“Vorrei vedere i fatti: affinché le parole del ministro Poletti abbiano fondamento, chiediamo di cancellare dalla delega la parte in cui si parla di intervenire sulle prestazioni previdenziali”. Al presidente della Commissione Lavoro della Camera, Cesare Damiano, non bastano le rassicurazioni del ministro del Lavoro sulle pensioni di reversibilità.

Finché non cambieranno i testi, non possiamo stare tranquilli.

Si tratta semplicemente, come noi chiederemo quando la delega arriverà in Commissione, di cancellare dall’articolo 1, comma 1, lettera B, le seguenti parole: “nonché di altre prestazioni anche di natura previdenziale”. Fatto questo, allora sì, saremo assolutamente tranquilli. Anche perché, faccio notare, nella parte tecnica del provvedimento si precisa che le principali “prestazioni di natura assistenziale ovvero di natura previdenziale ma comunque sottoposte alla prova dei mezzi sono: assegno sociale, pensione di reversibilità, integrazione al minimo, maggiorazione sociale del minimo, assegno per il nucleo con tre o più figli minori”. Quindi è evidente che nelle intenzioni c’è di agire anche sulle pensioni di reversibilità: se c’è questo equivoco, si deve dissipare.

È un nodo che non si deve toccare per niente, secondo voi?

Noi siamo disponibili a una razionalizzazione delle pensioni di reversibilità, ma vogliamo farlo nell’ambito del sistema previdenziale, e non confondendo assistenza e previdenza. In Commissione stiamo infatti esaminando un disegno di legge presentato da Luigi Bobba, che migliora il sistema, prevedendo l’innalzamento delle percentuali per le fasce più deboli. Ma appunto, discutiamo di miglioramenti, e non di tagli.

Per il resto, il sistema disegnato dal governo per la parte assistenziale, con un primo sostegno per i più poveri, è per voi sufficiente?

Credo che il provvedimento sia positivo, perché è la prima volta che in Italia si interviene su questo tema, e stanziando risorse fresche. L’importante è che non si scardini il sistema previdenziale: che non può essere, come è accaduto in passato, la vacca da mungere quando c’è bisogno: mi pare che con il governo Monti abbiamo già dato.

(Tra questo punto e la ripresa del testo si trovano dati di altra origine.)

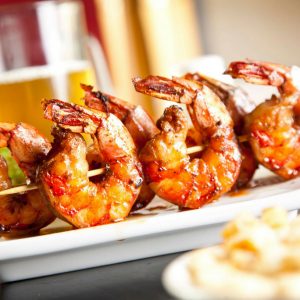 Brochettes de crevettes mariné mandarine et sésames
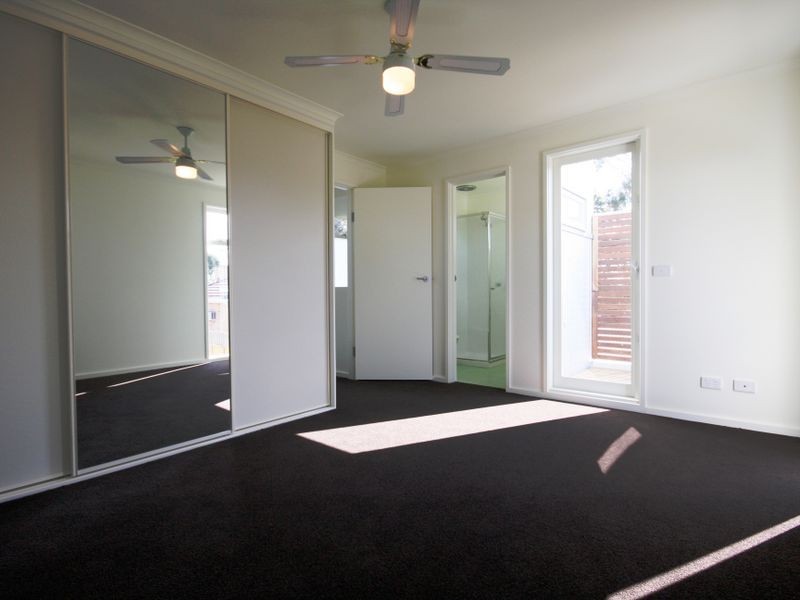 2/1460 North Road, Clayton VIC 3168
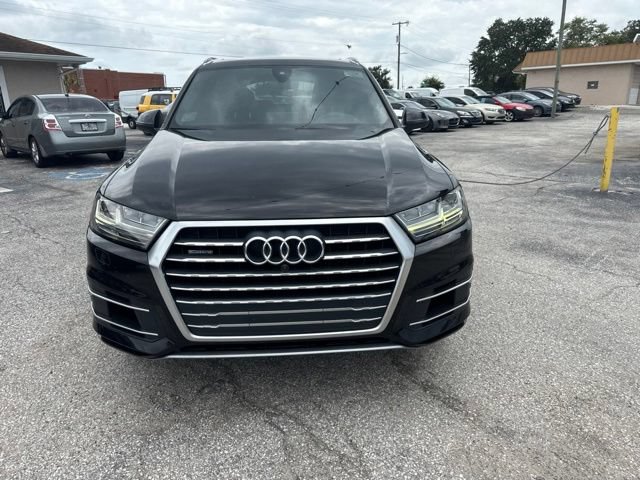 Used 2019 Audi Q7 3.0T Premium Plus w/ Premium Plus Package AWD/4WD image 3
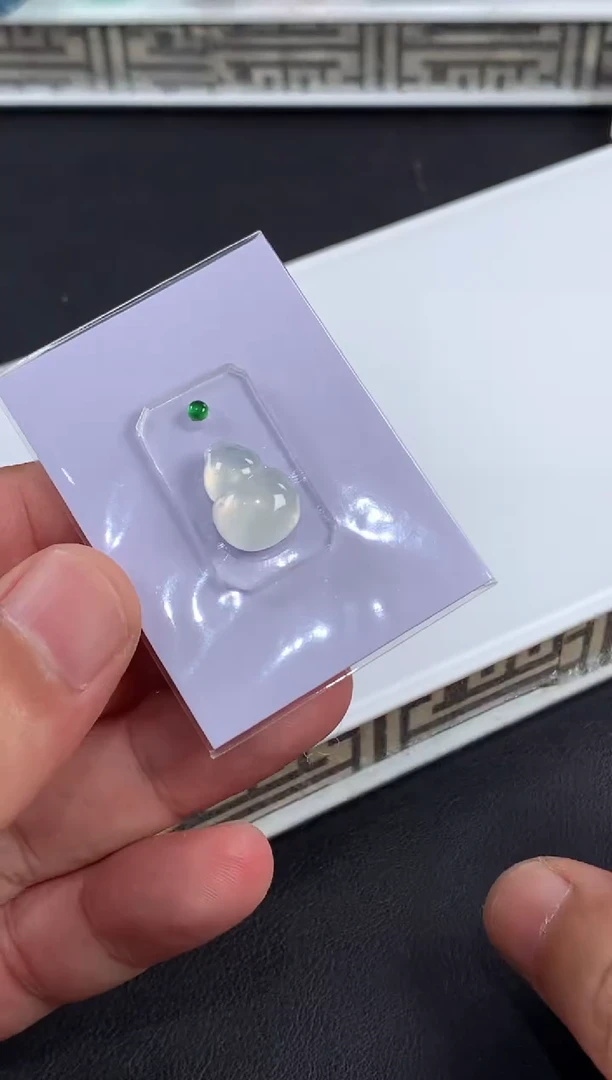 未镶嵌定制翡翠森****树翡翠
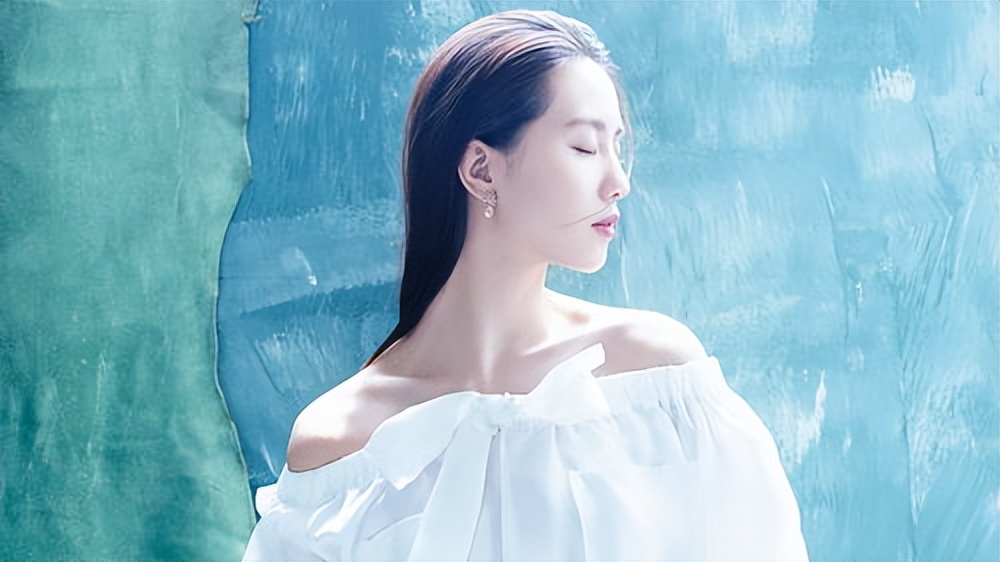 颜值不足脖子凑！这8位女星的天鹅颈太优越，气质一下就出来了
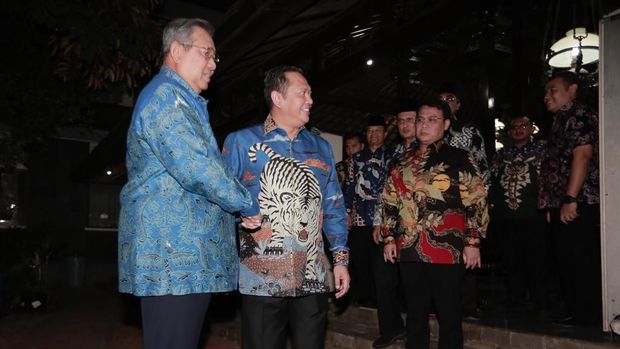 Bawa Undangan Pelantikan ke Cikeas, Bamsoet Sebut SBY Hadir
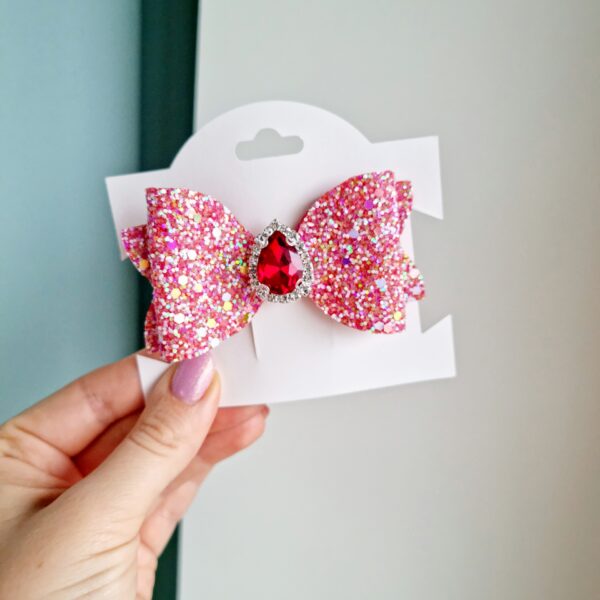 20211119_133036 Kroko-klamber punane punase kiviga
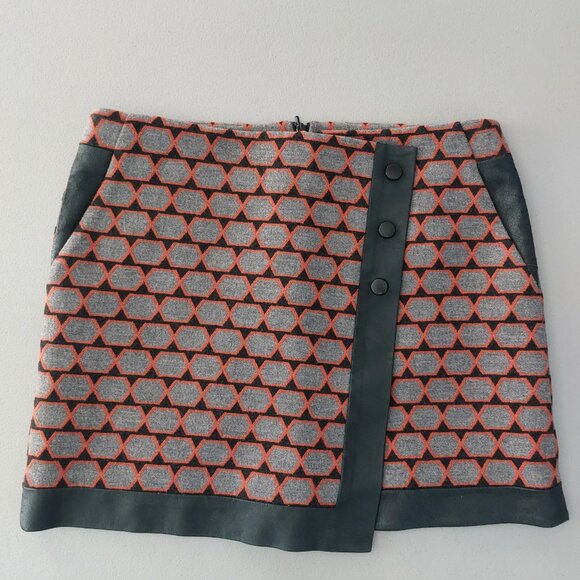 Karen Millen Skirt Wool Blend Geometric Wrap Sz 6 Mod Retro Tweed Mini Like New - Picture 12 of 13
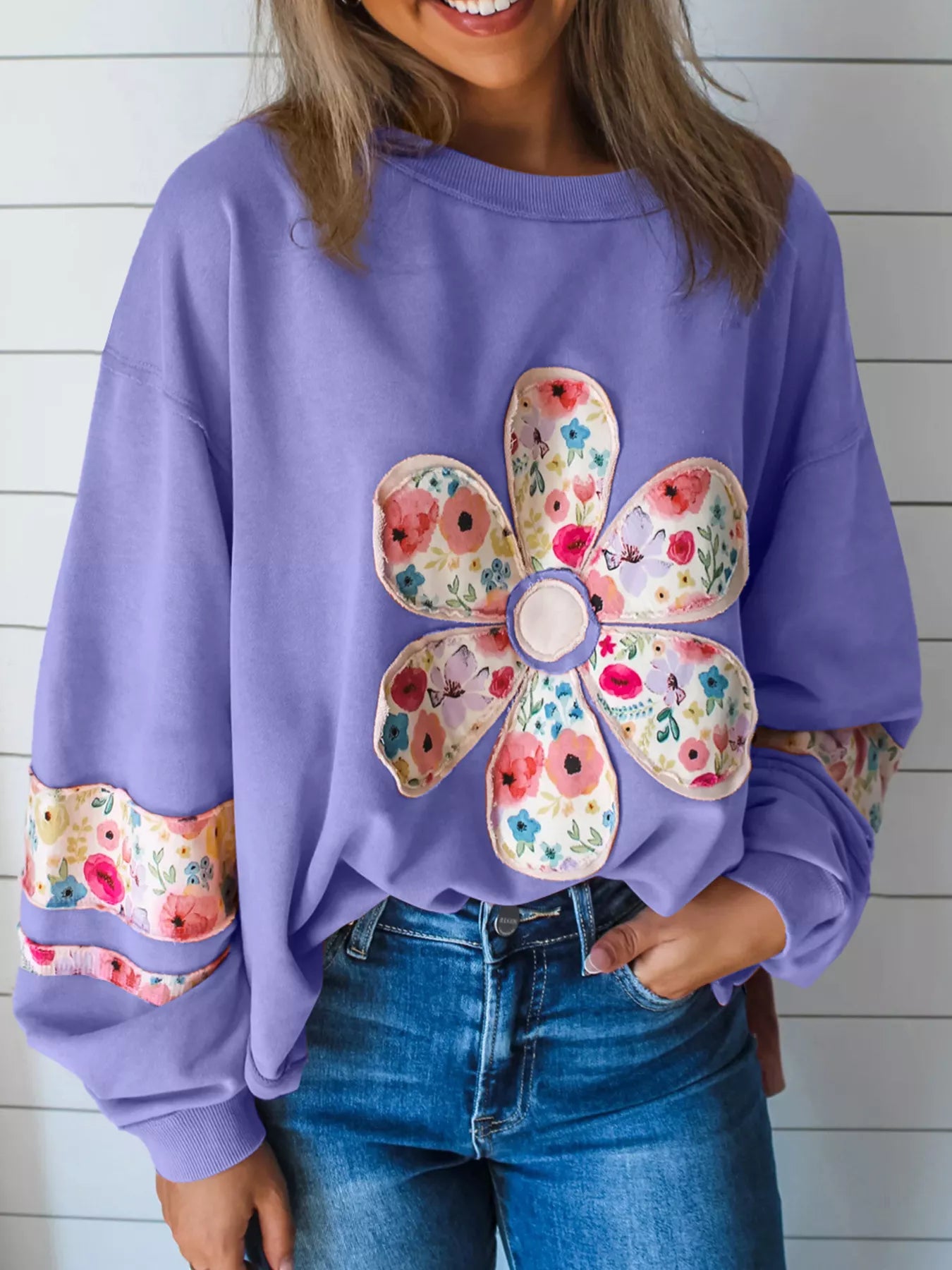 【新品・未使用】Ameri VINTAGE★FLOWER PATCH SWEAT Ameri VINTAGE - Ameri VINTAGE FLOWER PATCH SWEAT TOP の通販 by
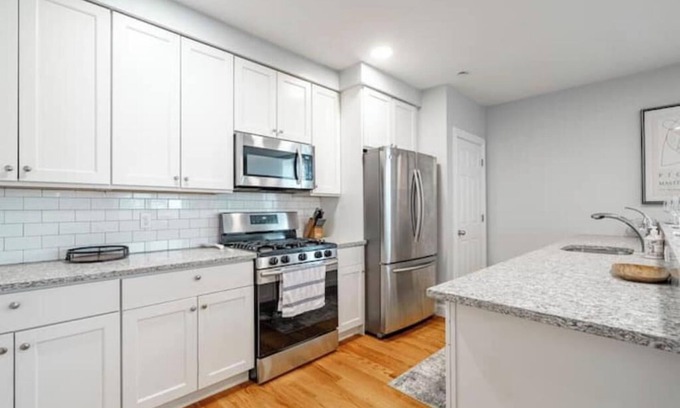New Rochelle Apartment | 1 Br Hideaway Close to All!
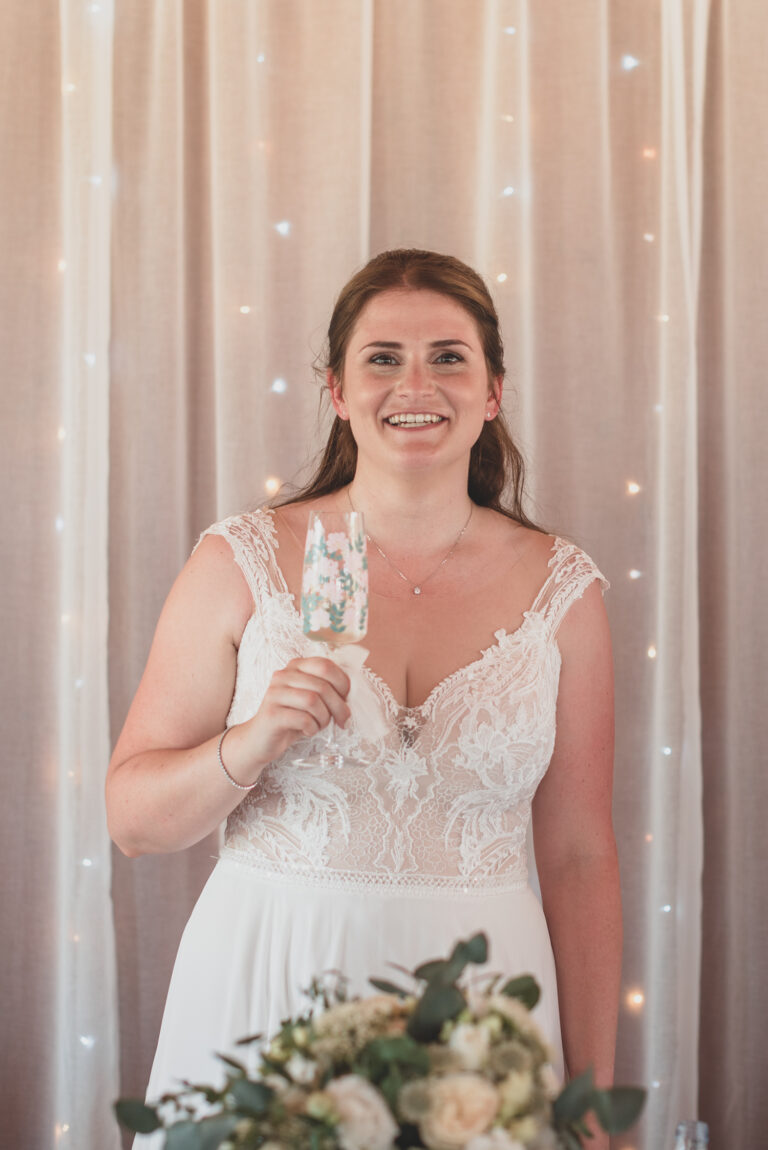 Nevěsta přípitek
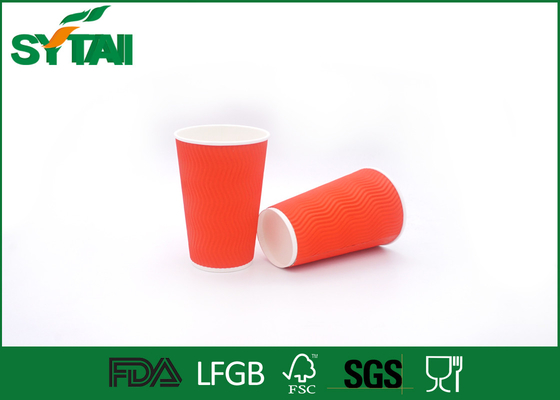 Κίνα Κόκκινα φλυτζάνια 4oz-22oz εγγράφου κυματισμών συνήθειας με τα καπάκια πλαστικού/εγγράφου, Eco φιλικό προμηθευτής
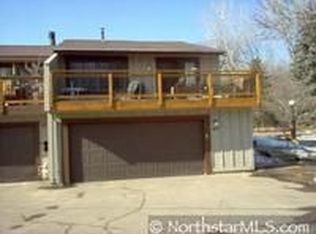 326 River Woods Ln, Burnsville, MN 55337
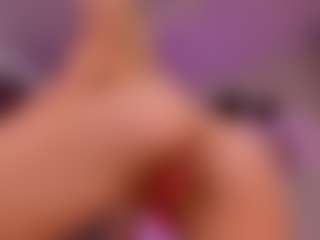 elara-vee's Live Sex Cam Show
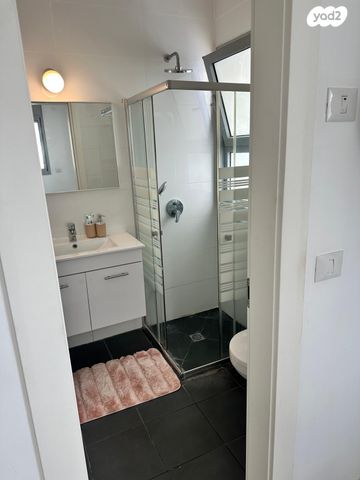 דירה, תל חי 60, מרכז, כפר סבא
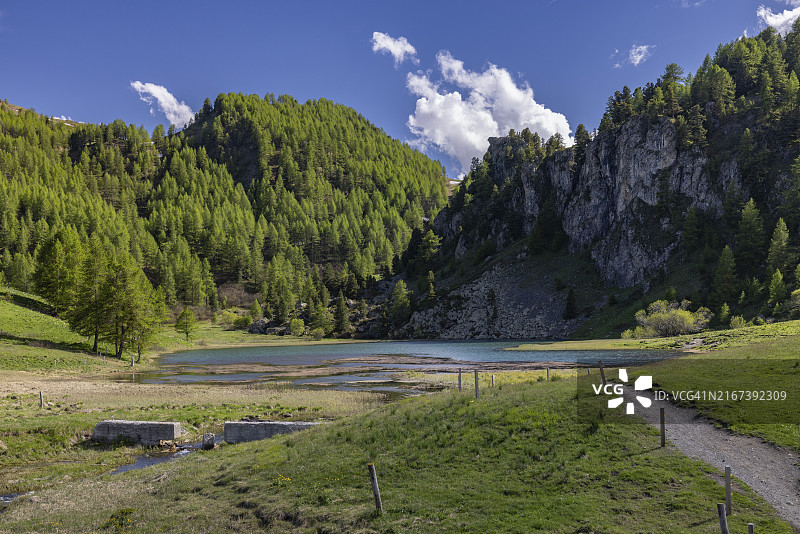 切萨纳内罗湖，意大利阿尔卑斯山，塞斯特里埃，皮埃蒙特图片素材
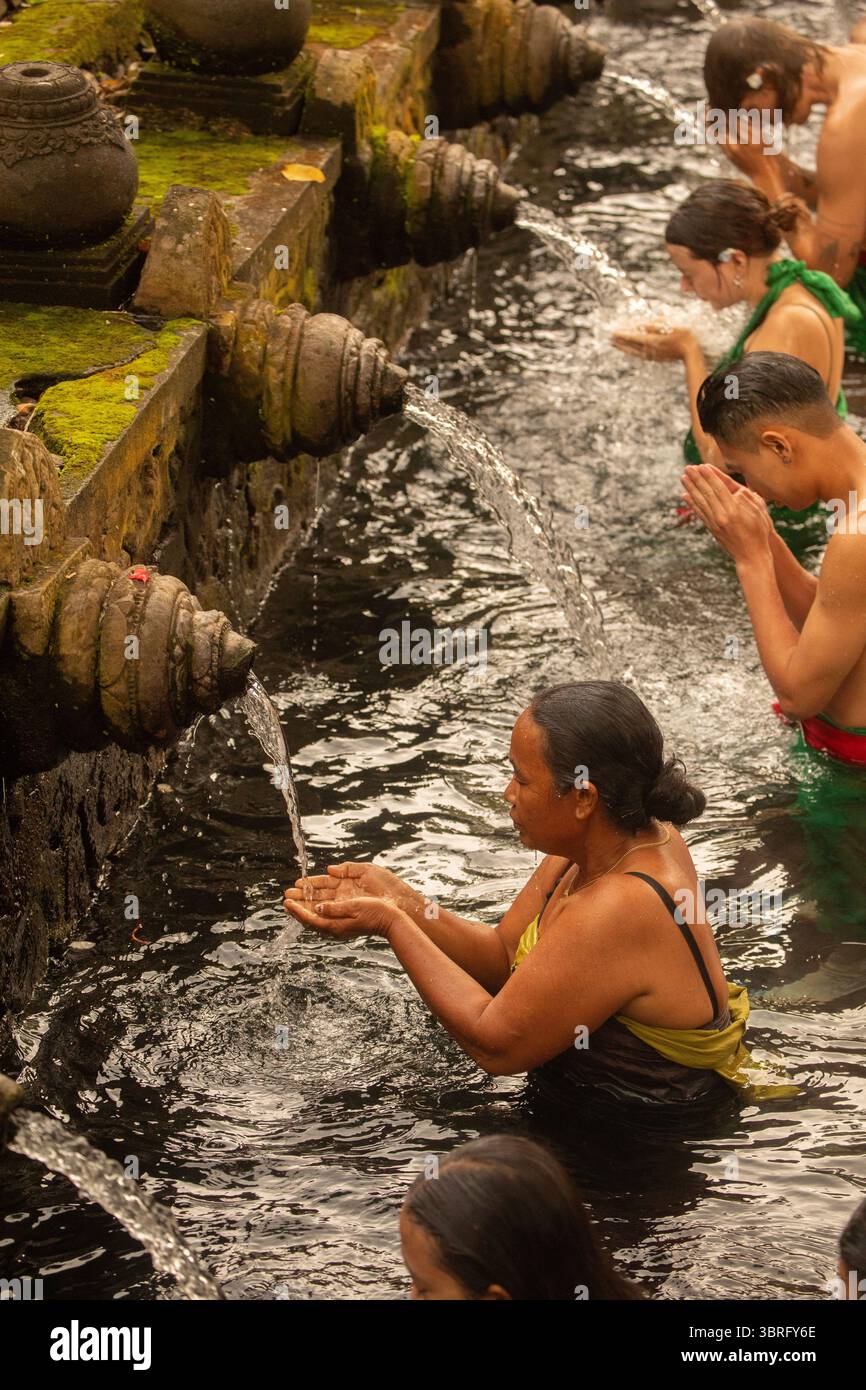 Pura Tirta Empul Tempel, Bali, Indonesien, wo Besucher ein Wasserritual, bekannt als Melukat, durchführen, ist eine balinesische hinduistische Reinigungszeremonie, wo sie sich in der Stadt befinden Stockfoto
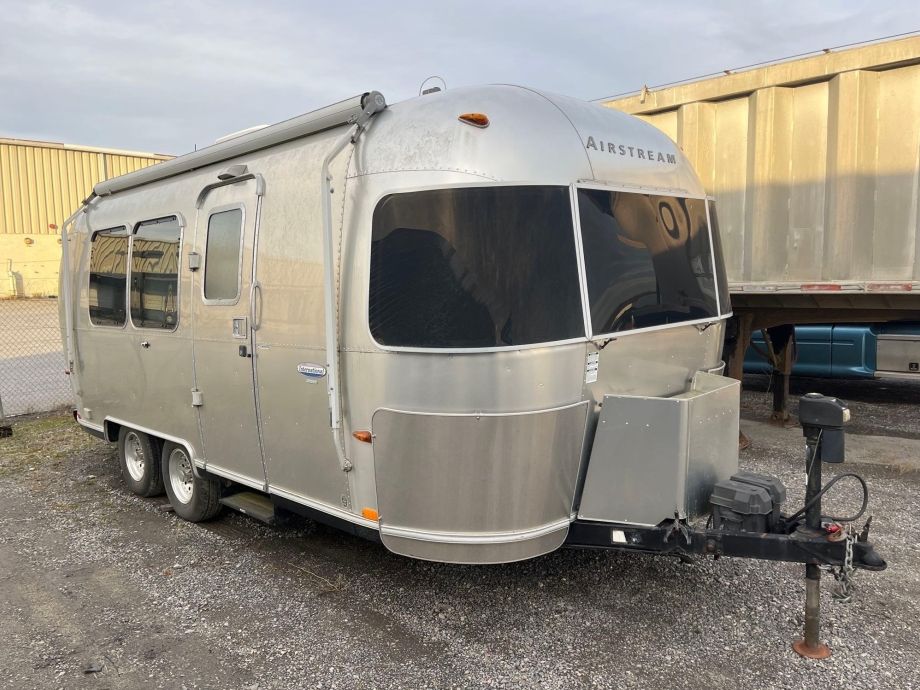 Image for 2004 Air Stream International CCD 22 Camper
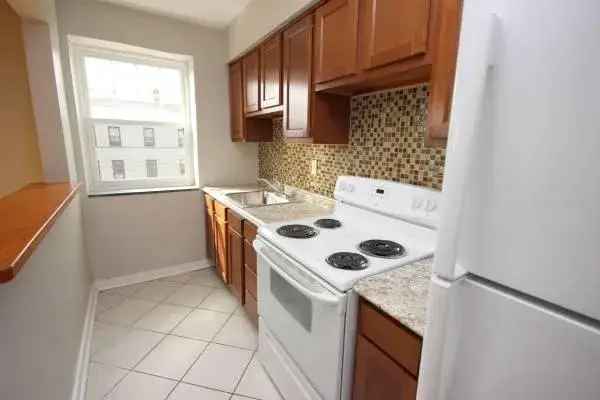 Rent Apartments in Bloomfield with Modern Amenities and Green Space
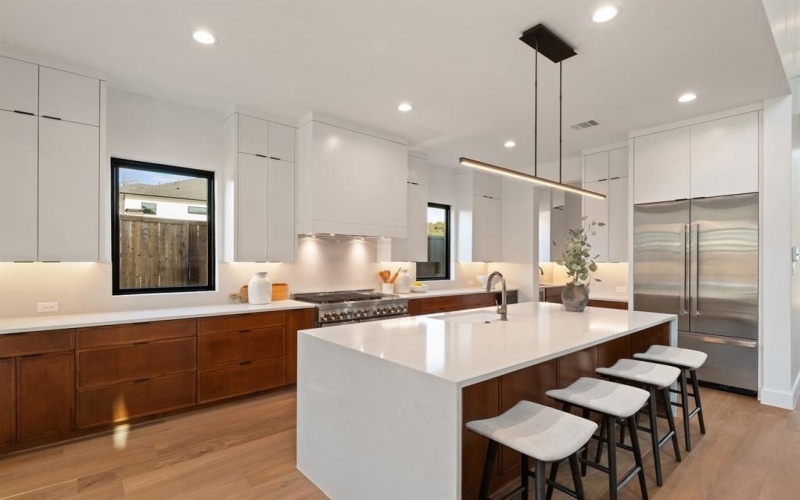 10553 Cromwell Drive, Dallas, TX 75229, 6 Bedrooms Bedrooms, ,6 BathroomsBathrooms,Residential,For Sale,10553 Cromwell Drive,0,21163628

Il 2016, secondo l’impegno preso dal premier Renzi, dovrebbe essere l’anno in cui finalmente si introdurrà la flessibilità nel sistema pensionistico, in modo da rimediare agli eccessi della riforma Fornero. Ma è un dossier che il governo sta già affrontando o tutto tace?

Il governo per ora non ha dato segni di voler lavorare su questo dossier. Il presidente del consiglio l’anno scorso ha usato un argomento preciso, che io condivido: aveva detto che la questione non sarebbe stata inserita nella Legge di stabilità perché sarebbe stato meglio fare un’operazione meditata e non affrettata, come era già purtroppo accaduto in passato. Io ho detto: bene, prendiamoci il tempo necessario per questa operazione. Anche per questo motivo ho espresso la mia avversità al fatto che ci sia anche solo un’ombra sulla delega sul contrasto alla povertà che possa riguardare la previdenza: anche perché poi sui decreti noi non avremo voce. Allora dico: affrontiamo il tema della razionalizzazione delle pensioni di reversibilità in un discorso a parte, e più generale, che riguardi anche flessibilità, esodati, ricongiunzioni, lavori usuranti. E soprattutto appuriamoci che “razionalizzazione” non significhi “taglio”.

Anche i sindacati si sono messi in allarme.

Sì, ed è positivo che abbiano sollecitato, con una lettera unitaria al premier e al ministro del Lavoro, un intervento sulla flessibilità, in coerenza con la loro piattaforma. C’è già una proposta incardinata in Commissione Lavoro, la 857, a mia firma. Si può partire da lì.

Proposta che anche Salvini si è detto disposto a votare.

L’attenzione per questo tema è altissima nel Paese. Perché non è una richiesta corporativa, solo per gli anziani: se si permette a chi lo desidera di anticipare l’uscita, si aprono le porte delle aziende ai giovani, e il Jobs Act potrà funzionare.